● Short descriptive text snippets:
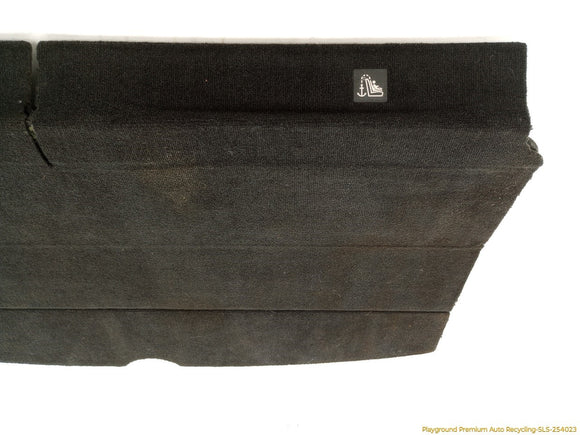Mini Clubman Rear Parcel Shelf Panel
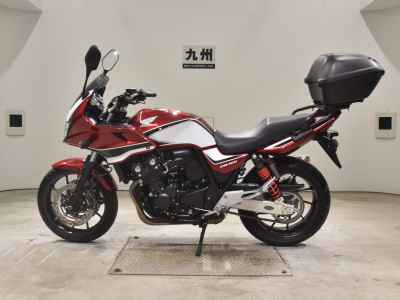 Honda CB400 Super Boldor 2021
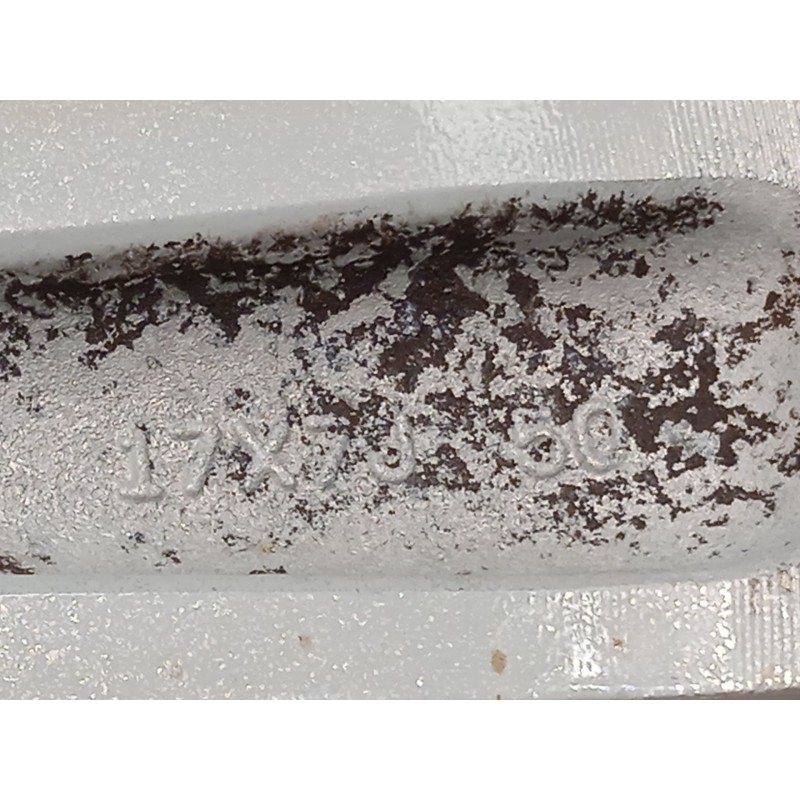 Recambio de llanta para mazda cx-5 2.2 turbodiesel cat referencia OEM IAM 9965617070  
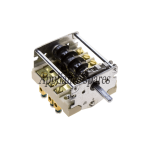 4 Heat Industrial Selector Switch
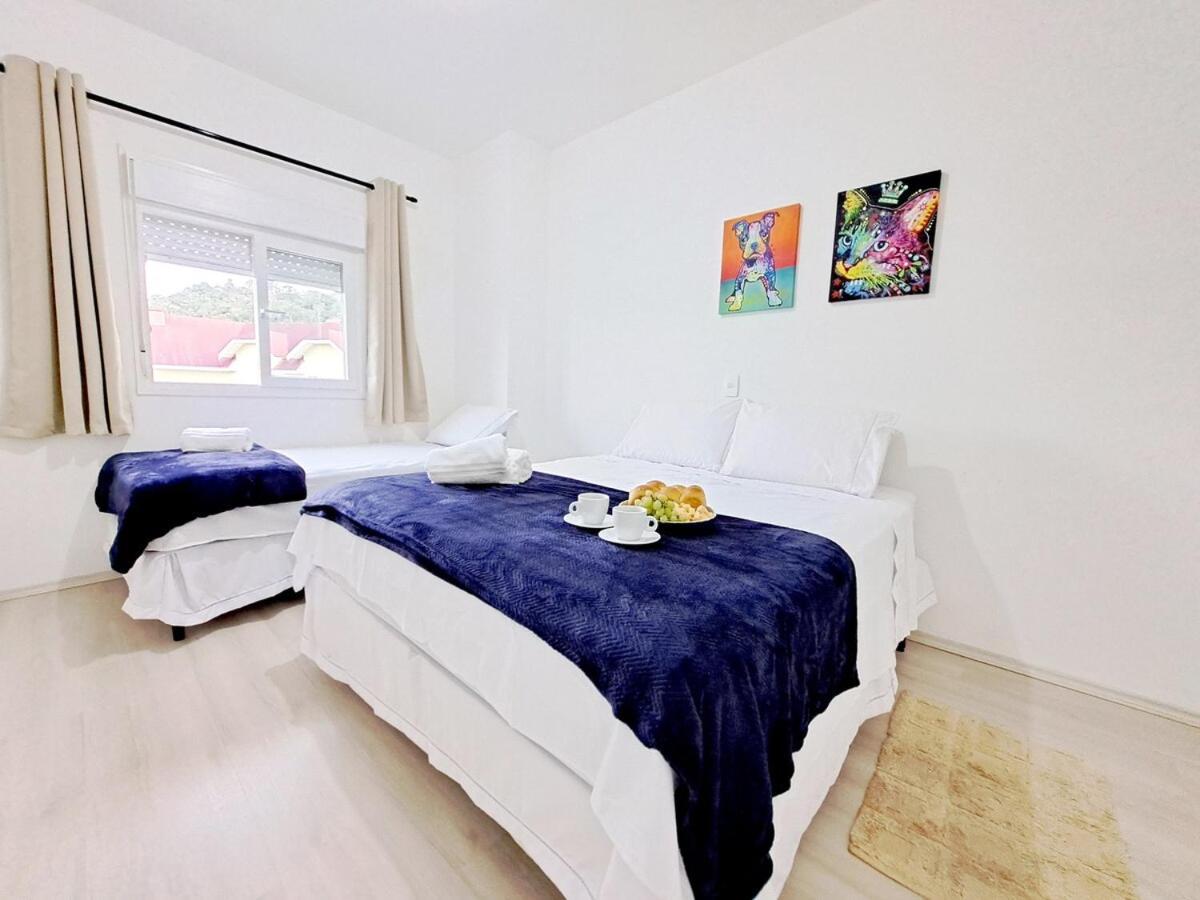 Apartamento Duplex C Lareira Nas Montanhas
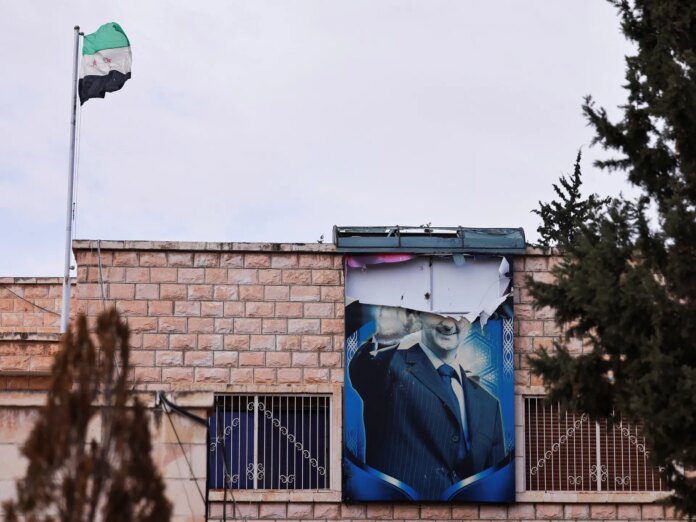 Al-Assad inner circle plotting Syrian uprisings from Russian exile: Report | Syria's War News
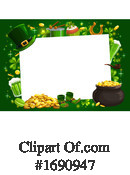 St Paddys Day Clipart #1690947 by Vector Tradition SM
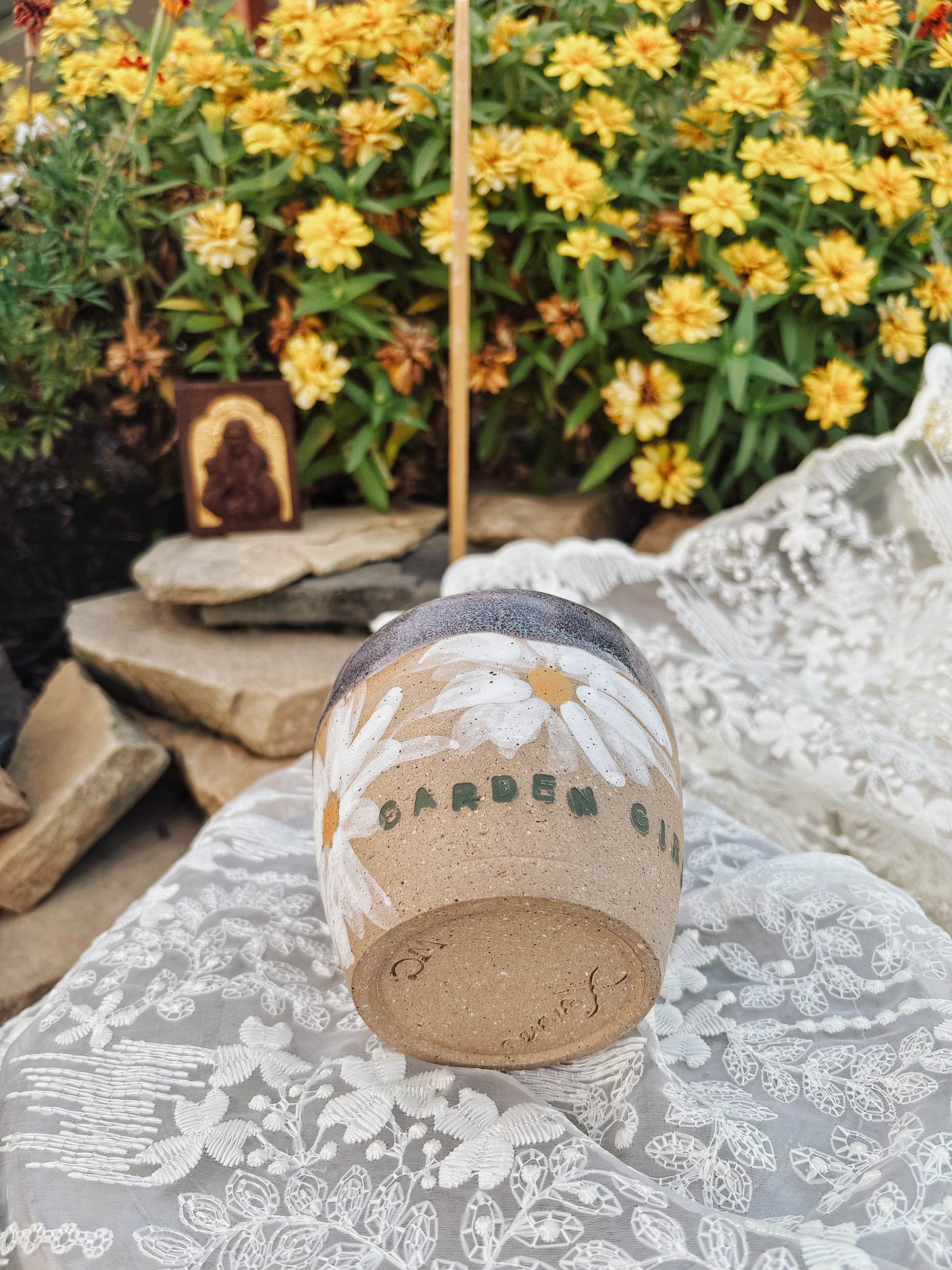Garden Girl To-Go Mug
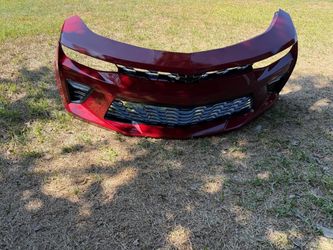 2016-2018 chevy camaro ss bumper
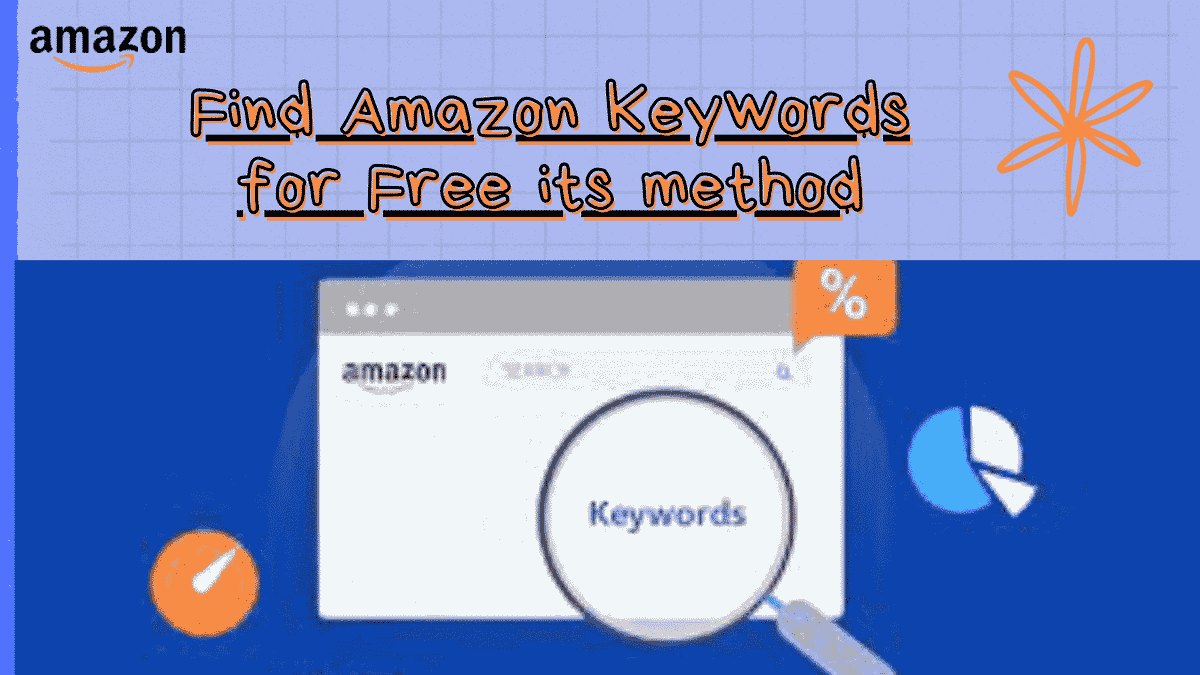 Find Amazon Keywords for Free its method by Faisalbhai Jan, 2024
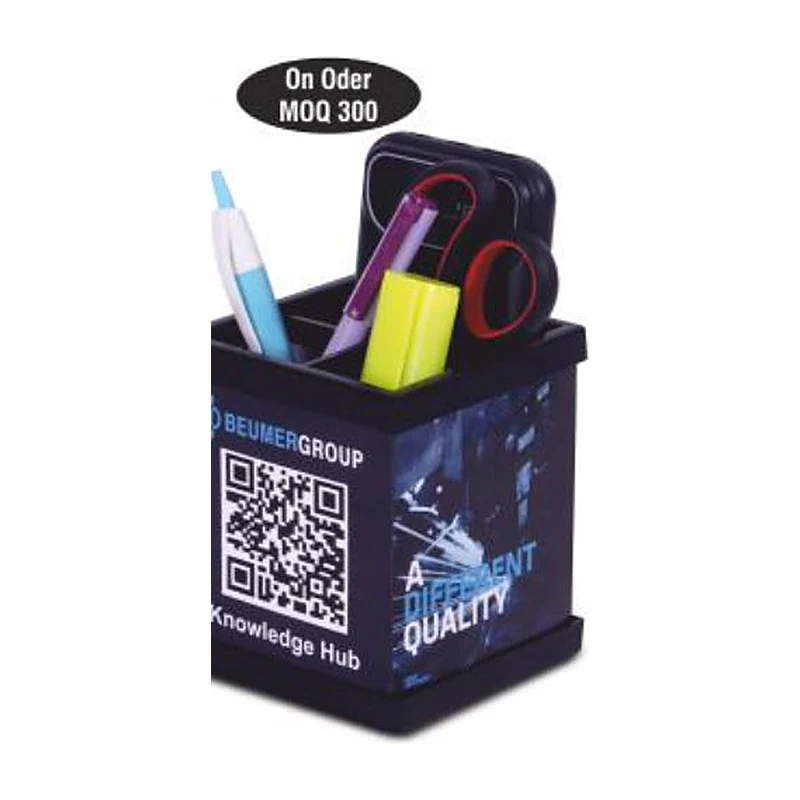 Folding Brand Pen Stand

● What you have to do:
Without carrying over any pictures, retype the records above exactly.

● Answer space:
Mini Clubman Rear Parcel Shelf Panel
 Honda CB400 Super Boldor 2021
 Recambio de llanta para mazda cx-5 2.2 turbodiesel cat referencia OEM IAM 9965617070  
 4 Heat Industrial Selector Switch
 Apartamento Duplex C Lareira Nas Montanhas
 Al-Assad inner circle plotting Syrian uprisings from Russian exile: Report | Syria's War News
 St Paddys Day Clipart #1690947 by Vector Tradition SM
Garden Girl To-Go Mug
 2016-2018 chevy camaro ss bumper
 Find Amazon Keywords for Free its method by Faisalbhai Jan, 2024
 Folding Brand Pen Stand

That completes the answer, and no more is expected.